PROBLEM TO SOLVE: Count the lines below that contain the word "farfield", and reply with only that number.

Records contained in a dataset:
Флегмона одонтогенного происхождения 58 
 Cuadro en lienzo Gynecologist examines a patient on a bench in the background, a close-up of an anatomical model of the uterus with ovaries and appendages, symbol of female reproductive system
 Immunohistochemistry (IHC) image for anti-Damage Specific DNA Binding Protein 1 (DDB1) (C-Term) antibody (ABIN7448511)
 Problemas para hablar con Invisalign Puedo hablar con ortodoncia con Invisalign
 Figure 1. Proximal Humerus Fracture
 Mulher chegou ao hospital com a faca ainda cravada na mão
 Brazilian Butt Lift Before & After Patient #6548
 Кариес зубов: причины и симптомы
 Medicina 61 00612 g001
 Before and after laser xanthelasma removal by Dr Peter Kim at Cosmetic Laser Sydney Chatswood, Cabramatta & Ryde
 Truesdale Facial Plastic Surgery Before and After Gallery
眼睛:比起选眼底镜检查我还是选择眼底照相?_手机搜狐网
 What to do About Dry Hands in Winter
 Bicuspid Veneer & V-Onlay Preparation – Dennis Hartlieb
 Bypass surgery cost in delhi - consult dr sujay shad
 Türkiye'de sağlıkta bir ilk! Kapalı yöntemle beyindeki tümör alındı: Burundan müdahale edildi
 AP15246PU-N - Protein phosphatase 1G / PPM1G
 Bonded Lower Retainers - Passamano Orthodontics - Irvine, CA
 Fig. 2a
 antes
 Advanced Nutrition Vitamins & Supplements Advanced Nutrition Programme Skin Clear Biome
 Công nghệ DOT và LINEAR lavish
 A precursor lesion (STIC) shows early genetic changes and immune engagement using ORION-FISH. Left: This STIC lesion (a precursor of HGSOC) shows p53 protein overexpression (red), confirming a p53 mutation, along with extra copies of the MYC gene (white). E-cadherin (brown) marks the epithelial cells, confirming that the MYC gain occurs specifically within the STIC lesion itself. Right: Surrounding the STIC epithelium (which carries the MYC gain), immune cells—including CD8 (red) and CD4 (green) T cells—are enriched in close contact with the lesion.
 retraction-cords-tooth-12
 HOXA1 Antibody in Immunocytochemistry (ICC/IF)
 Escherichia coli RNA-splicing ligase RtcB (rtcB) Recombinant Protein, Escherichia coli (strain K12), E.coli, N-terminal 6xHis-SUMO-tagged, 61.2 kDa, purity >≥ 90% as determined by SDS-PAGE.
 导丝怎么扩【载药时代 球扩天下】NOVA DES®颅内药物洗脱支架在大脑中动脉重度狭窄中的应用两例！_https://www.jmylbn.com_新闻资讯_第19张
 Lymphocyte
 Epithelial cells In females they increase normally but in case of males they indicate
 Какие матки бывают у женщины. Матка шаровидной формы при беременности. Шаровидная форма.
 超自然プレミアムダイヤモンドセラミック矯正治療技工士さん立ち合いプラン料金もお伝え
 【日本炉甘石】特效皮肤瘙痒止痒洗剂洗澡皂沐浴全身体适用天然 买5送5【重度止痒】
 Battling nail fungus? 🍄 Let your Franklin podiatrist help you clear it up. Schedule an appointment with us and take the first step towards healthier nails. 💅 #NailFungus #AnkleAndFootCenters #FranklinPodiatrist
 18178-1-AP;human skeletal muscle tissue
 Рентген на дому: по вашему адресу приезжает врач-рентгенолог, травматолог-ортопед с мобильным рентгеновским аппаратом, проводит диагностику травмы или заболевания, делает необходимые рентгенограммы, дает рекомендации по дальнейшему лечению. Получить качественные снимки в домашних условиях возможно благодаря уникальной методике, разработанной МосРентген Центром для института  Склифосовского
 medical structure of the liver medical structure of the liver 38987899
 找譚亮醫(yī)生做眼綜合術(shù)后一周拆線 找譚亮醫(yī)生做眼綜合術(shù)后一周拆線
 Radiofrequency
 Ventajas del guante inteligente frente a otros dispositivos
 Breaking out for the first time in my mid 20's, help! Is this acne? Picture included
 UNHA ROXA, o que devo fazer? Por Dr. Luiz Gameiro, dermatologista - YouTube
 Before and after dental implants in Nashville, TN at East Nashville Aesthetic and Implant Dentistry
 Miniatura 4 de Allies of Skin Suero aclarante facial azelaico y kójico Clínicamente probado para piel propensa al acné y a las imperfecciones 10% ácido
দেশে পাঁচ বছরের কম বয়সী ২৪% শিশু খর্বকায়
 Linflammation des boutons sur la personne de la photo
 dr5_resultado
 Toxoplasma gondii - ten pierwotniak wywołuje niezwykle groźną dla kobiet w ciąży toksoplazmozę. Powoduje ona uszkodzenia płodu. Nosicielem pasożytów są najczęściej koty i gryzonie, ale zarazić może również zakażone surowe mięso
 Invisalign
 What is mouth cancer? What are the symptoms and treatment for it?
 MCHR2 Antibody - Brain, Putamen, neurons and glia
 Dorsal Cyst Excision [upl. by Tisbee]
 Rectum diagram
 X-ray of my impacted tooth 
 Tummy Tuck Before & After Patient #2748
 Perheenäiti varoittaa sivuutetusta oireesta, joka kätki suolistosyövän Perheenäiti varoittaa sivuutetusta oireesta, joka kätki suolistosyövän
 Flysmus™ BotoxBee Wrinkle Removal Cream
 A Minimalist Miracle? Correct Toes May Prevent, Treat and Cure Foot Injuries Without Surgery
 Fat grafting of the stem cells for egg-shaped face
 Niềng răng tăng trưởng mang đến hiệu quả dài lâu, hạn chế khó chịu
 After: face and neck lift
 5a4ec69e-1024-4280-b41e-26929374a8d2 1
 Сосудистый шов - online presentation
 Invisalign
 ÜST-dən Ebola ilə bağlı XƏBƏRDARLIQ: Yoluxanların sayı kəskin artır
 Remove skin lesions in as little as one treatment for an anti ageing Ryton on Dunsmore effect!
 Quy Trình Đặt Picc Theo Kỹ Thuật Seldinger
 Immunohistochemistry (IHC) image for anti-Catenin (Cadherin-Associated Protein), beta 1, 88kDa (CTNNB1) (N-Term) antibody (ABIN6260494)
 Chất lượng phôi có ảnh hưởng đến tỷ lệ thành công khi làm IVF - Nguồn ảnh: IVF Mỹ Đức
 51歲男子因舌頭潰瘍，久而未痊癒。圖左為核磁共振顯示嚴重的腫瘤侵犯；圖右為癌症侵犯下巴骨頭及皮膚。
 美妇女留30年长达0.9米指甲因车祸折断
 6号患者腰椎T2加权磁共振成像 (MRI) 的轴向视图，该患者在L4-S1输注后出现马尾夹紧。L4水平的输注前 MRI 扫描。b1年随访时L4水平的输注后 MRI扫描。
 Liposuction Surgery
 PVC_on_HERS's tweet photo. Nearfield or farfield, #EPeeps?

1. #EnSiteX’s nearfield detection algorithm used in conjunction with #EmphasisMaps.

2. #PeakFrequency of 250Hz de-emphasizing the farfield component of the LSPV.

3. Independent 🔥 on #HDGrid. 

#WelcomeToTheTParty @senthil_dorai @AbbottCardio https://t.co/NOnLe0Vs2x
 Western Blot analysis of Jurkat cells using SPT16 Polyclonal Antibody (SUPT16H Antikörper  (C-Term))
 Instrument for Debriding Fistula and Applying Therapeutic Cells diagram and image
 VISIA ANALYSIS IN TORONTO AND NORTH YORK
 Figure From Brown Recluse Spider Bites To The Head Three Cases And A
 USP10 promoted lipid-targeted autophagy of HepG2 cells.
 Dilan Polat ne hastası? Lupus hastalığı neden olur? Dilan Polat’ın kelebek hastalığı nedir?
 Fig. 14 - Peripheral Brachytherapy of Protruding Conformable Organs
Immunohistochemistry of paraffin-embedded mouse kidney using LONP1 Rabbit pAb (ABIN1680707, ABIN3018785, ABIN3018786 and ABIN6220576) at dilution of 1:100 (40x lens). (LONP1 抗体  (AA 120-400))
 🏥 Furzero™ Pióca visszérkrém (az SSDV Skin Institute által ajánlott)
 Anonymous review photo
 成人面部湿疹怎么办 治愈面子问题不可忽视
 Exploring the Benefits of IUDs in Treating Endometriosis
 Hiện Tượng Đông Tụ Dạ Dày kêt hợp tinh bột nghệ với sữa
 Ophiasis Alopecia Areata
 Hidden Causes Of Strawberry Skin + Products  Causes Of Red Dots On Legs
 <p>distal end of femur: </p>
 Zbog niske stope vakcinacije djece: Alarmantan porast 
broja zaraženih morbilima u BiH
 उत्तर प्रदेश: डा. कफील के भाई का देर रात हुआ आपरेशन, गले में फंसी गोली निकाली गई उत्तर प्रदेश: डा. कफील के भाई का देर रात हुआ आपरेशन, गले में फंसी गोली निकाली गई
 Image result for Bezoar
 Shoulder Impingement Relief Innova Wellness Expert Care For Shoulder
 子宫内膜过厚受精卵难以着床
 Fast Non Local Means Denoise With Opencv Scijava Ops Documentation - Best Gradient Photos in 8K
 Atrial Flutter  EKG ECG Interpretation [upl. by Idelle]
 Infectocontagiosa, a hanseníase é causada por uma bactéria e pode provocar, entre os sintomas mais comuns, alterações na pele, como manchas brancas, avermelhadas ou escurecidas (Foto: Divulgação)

SOLUTION TO THE PROBLEM: 2